**TO DO:** Give all the lines below again, exactly, with no pictures.

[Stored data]
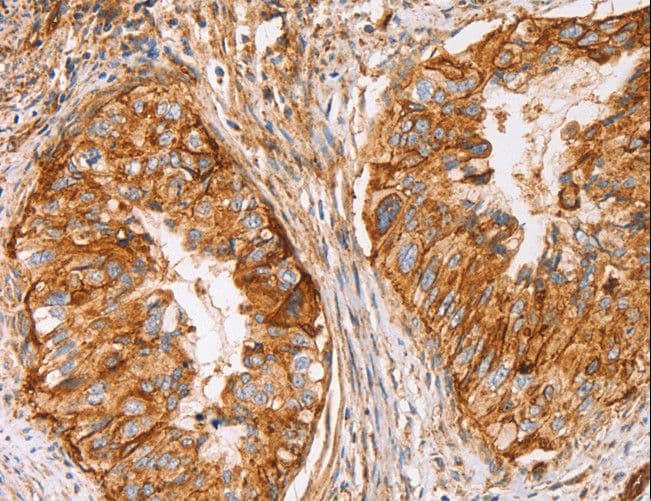 Polyclonal Rabbit anti-Human CD59 Antibody (IHC, WB)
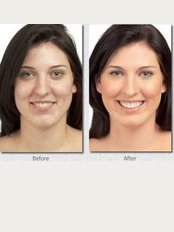 Chezelle Skin and Laser Clinic - lycogel 5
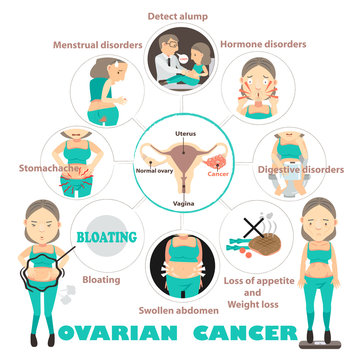 Symptoms of ovarian cancer in circles,info graphic vector illustration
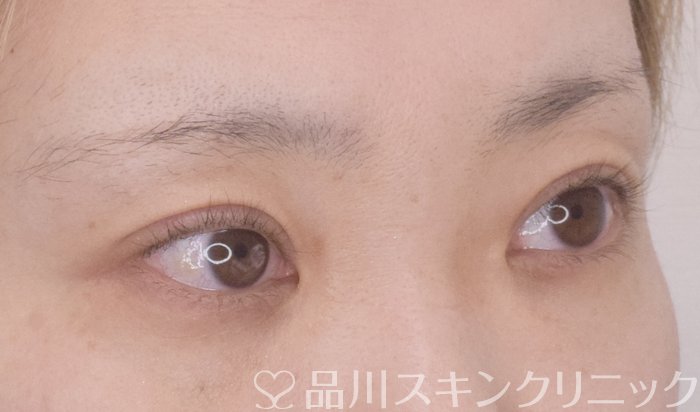 症例NO.64812のAFTER写真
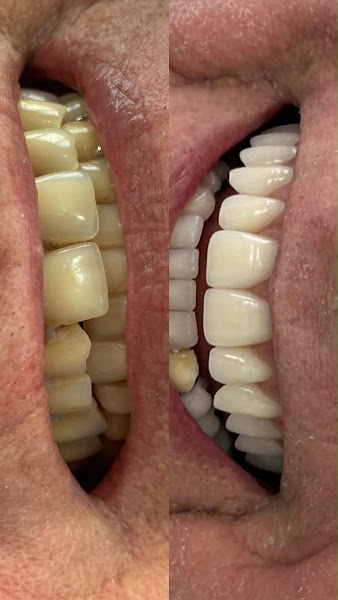 Foto 2 de Souzimplante Odontologia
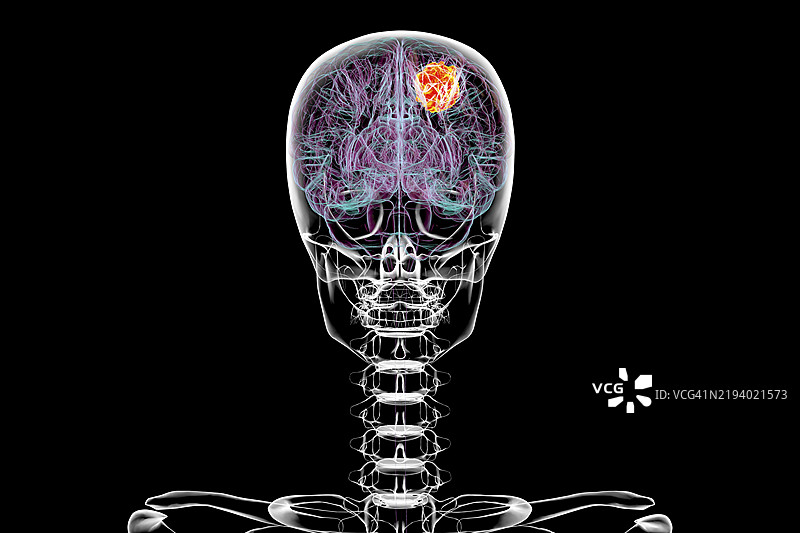 脑肿瘤插图图片素材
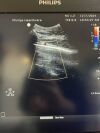 PHILIPS C5-1 Ultrasound Transducer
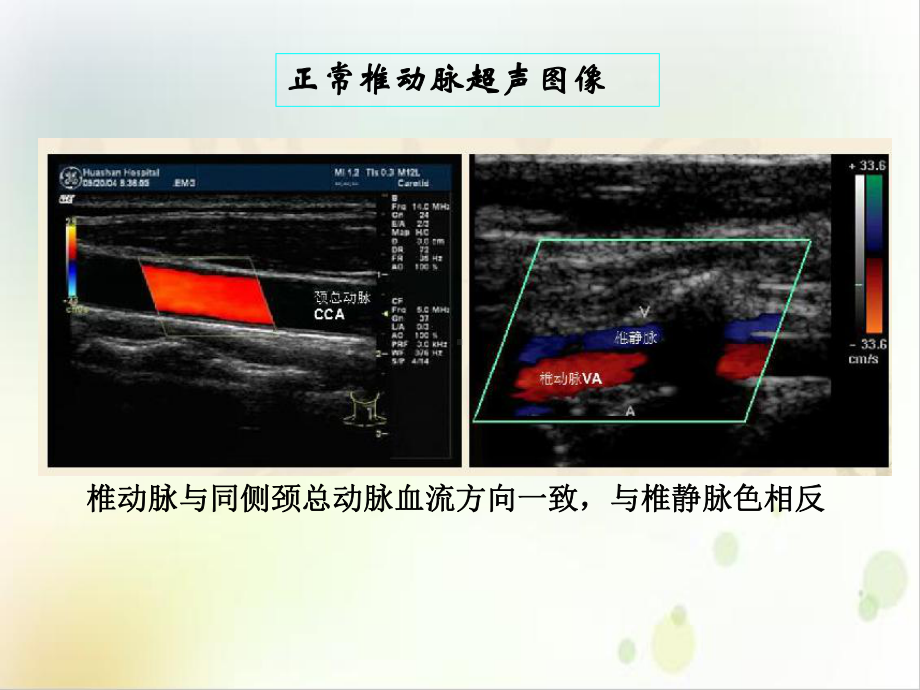 锁骨下动脉盗血课件1.ppt_第3页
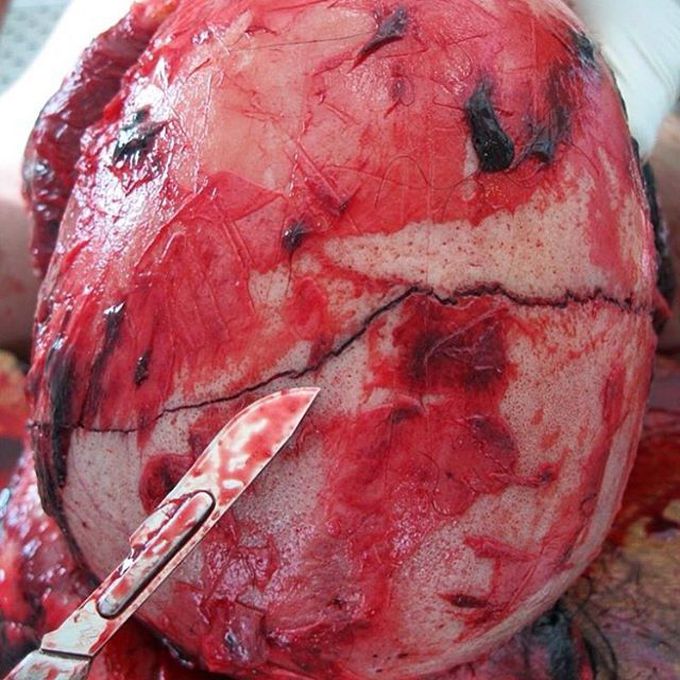 Fissure fracture of the vault of the skull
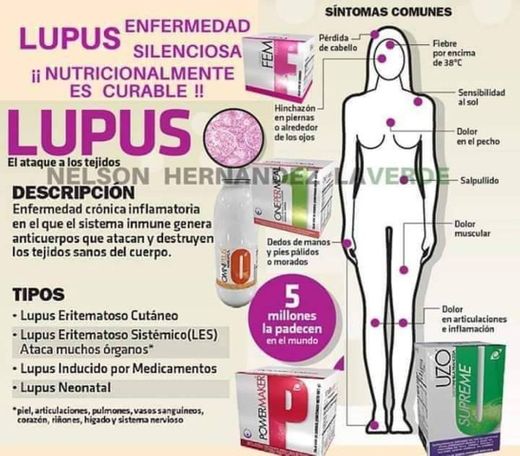 Tratamiento natural para el LUPUS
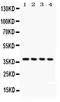 COP9 Signalosome Subunit 5 antibody, PA5-79060, Invitrogen Antibodies, Western Blot image 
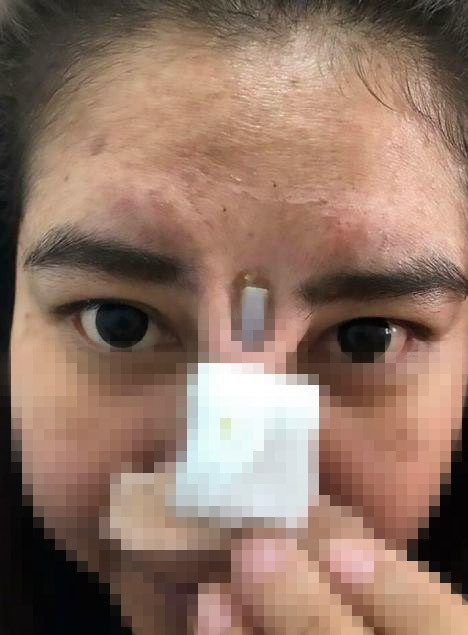 Phẫu thuật thẩm mỹ ngày này rất phổ biến. Với mong muốn cải thiện nhan sắc, nhiều người tìm đến các bệnh viện thẩm mỹ để trùng tu diện mạo.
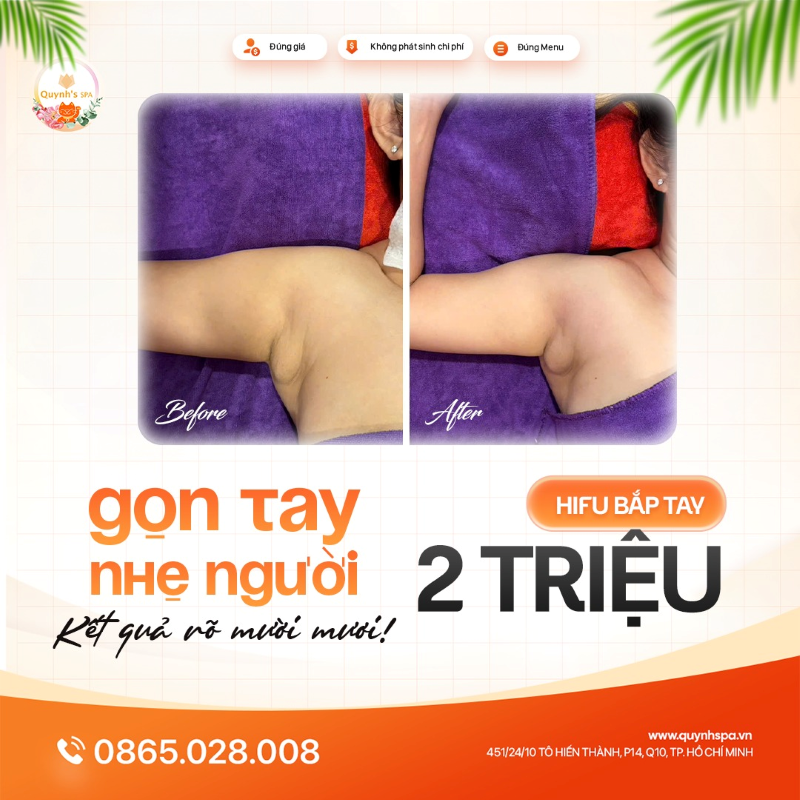 Từ ngày giảm mỡ bắp tay chị thấy nhẹ người hẳn với Hifu bắp tay Quynh's Spa quận 10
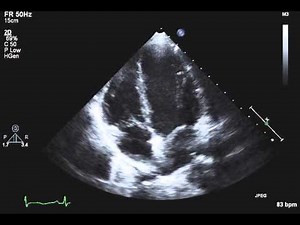 TTE Normal Apical 4 chamber Example 1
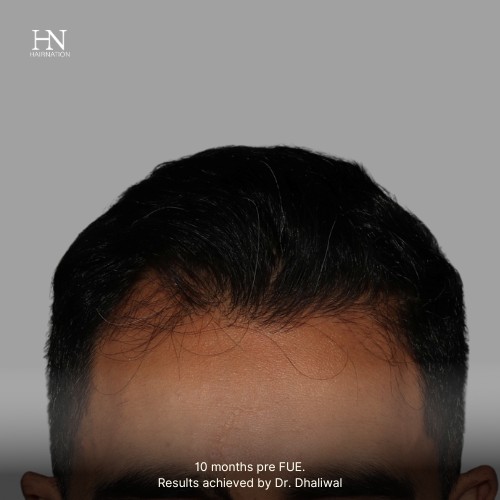 Pre/Post-FUE Hairline Transformation - 8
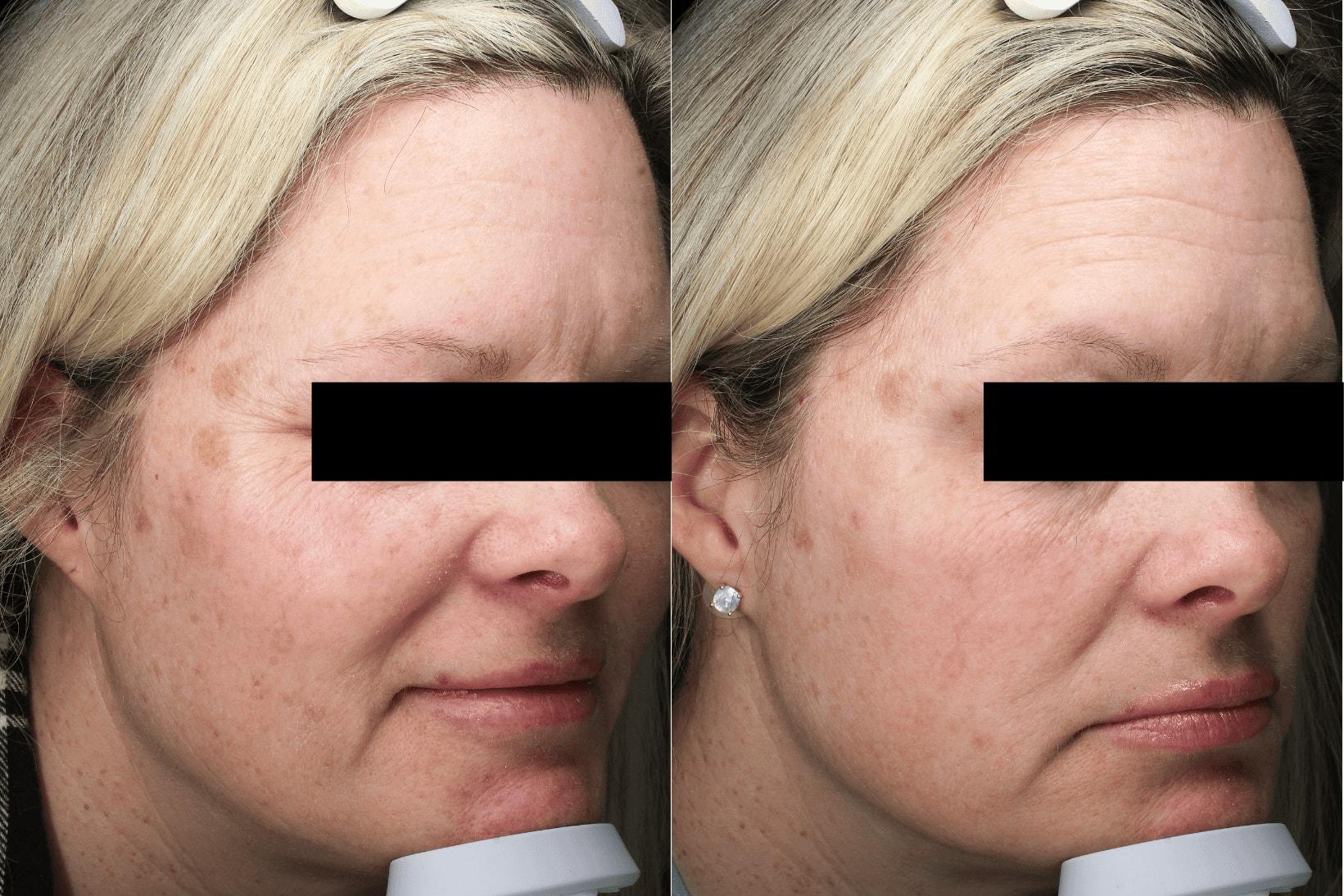 Brightside Aesthetics photofacial result — Clive, IA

**RESULT BELOW:**
 Polyclonal Rabbit anti-Human CD59 Antibody (IHC, WB)
 Chezelle Skin and Laser Clinic - lycogel 5
 Symptoms of ovarian cancer in circles,info graphic vector illustration
 症例NO.64812のAFTER写真
 Foto 2 de Souzimplante Odontologia
 脑肿瘤插图图片素材
 PHILIPS C5-1 Ultrasound Transducer
 锁骨下动脉盗血课件1.ppt_第3页
 Fissure fracture of the vault of the skull
 Tratamiento natural para el LUPUS
 COP9 Signalosome Subunit 5 antibody, PA5-79060, Invitrogen Antibodies, Western Blot image 
 Phẫu thuật thẩm mỹ ngày này rất phổ biến. Với mong muốn cải thiện nhan sắc, nhiều người tìm đến các bệnh viện thẩm mỹ để trùng tu diện mạo.
 Từ ngày giảm mỡ bắp tay chị thấy nhẹ người hẳn với Hifu bắp tay Quynh's Spa quận 10
 TTE Normal Apical 4 chamber Example 1
 Pre/Post-FUE Hairline Transformation - 8
 Brightside Aesthetics photofacial result — Clive, IA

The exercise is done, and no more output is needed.